> _EXERCISE PROMPT_: All of the listing should be transcribed exactly.

[[ THE DATA, beginning ]]

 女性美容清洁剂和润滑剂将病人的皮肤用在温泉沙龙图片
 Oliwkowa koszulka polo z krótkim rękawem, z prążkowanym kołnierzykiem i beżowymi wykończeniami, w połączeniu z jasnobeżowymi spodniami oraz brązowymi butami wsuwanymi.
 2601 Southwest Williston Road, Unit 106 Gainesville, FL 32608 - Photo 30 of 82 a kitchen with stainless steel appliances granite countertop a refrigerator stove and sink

[[ THE DATA, end ]]

> _TASK SOLUTION_:
 女性美容清洁剂和润滑剂将病人的皮肤用在温泉沙龙图片
 Oliwkowa koszulka polo z krótkim rękawem, z prążkowanym kołnierzykiem i beżowymi wykończeniami, w połączeniu z jasnobeżowymi spodniami oraz brązowymi butami wsuwanymi.
 2601 Southwest Williston Road, Unit 106 Gainesville, FL 32608 - Photo 30 of 82 a kitchen with stainless steel appliances granite countertop a refrigerator stove and sink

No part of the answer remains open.